The law sets out the minimum notice periods for employers – the length of these notice periods will hinge on how long the employee has worked for you.
An employer must provide one week’s notice if the employee has worked for the employer on a continuous basis for one month or more, but less than two years.
You must provide two weeks’ notice if the employee has worked for you on a continuous basis for at least two years and an extra week for each further year of completed service, up to 12 weeks’ notice.
For employees, the statutory minimum notice period for any employee who has worked for at least one month is one week. Unlike the case with employer’s notice periods, length of service has no bearing.
Below is an overview of some key policies that should be included in your Handbook.

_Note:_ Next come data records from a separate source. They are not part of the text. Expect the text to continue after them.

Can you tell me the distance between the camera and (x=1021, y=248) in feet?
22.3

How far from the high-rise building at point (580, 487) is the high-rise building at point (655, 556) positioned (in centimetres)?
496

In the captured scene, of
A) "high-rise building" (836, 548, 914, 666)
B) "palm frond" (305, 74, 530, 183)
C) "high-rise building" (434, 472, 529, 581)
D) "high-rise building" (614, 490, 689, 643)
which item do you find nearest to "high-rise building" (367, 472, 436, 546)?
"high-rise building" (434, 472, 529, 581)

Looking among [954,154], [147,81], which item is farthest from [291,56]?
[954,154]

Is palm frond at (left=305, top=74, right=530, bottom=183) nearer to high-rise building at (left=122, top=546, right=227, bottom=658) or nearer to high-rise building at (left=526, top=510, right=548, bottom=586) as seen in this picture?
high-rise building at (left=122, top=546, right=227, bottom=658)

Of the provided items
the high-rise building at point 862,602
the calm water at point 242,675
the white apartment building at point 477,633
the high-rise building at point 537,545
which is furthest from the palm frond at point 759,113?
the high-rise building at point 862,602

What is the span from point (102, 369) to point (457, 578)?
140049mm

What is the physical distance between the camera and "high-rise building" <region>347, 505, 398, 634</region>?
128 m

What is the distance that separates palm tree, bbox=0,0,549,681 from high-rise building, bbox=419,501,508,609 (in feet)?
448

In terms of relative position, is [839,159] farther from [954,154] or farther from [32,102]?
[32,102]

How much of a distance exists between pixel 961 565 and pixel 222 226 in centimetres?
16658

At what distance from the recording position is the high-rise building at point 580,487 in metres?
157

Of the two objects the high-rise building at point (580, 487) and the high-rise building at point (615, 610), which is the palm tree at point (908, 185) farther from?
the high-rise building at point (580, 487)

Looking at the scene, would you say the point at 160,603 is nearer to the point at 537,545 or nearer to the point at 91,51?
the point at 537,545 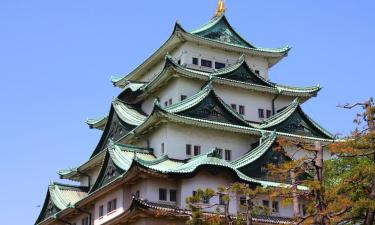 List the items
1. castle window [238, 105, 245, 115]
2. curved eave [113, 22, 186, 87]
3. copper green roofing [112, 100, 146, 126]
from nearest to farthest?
copper green roofing [112, 100, 146, 126] → castle window [238, 105, 245, 115] → curved eave [113, 22, 186, 87]

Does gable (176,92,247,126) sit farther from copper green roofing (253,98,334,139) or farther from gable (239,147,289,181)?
gable (239,147,289,181)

Notice should be included in the employee’s Contract of Employment. If you entered into an employment relationship verbally, employers are still required to provide each employee whose employment is to continue for more than one month with a ‘statement of written particulars of employment’. This must be provided within two months of the employee’s start of employment.
The contractual notice period can be equal to or longer than the statutory notice period, but never shorter. If the employer sets out a longer contractual notice period, the contractual period will prevail over the statutory notice period.
Longer notice periods will make particular sense for those employees performing highly critical, specialised or senior roles as a longer notice period will give you more time to find a replacement or train someone internally to do the job.
Dismissal without notice or a shorter notice period
There may be times when you dismiss someone and do not need to provide them with notice.
This will be the case if the employee has committed an act of gross misconduct, for example, theft, violence or fraud. In your disciplinary policy, you should give clear examples of what constitutes gross misconduct and what the possible consequences can be. In any case, it is not just a case of saying “you’re fired”, you will need to need to follow a fair procedure to ensure the dismissal is fair.
Where the parties both agree, the Contract of Employment can be terminated with no notice or a much shorter notice period.
If a Contract of Employment is for a fixed-term period, the contract will automatically terminate when the period ends. The non-renewal of a fixed-term contract constitutes a dismissal in law. This means that they may be able to claim unfair dismissal if they have over two years’ service.
The employee’s Contract of Employment may also expressly have a provision that permits making a payment in lieu of notice, known as a PILON.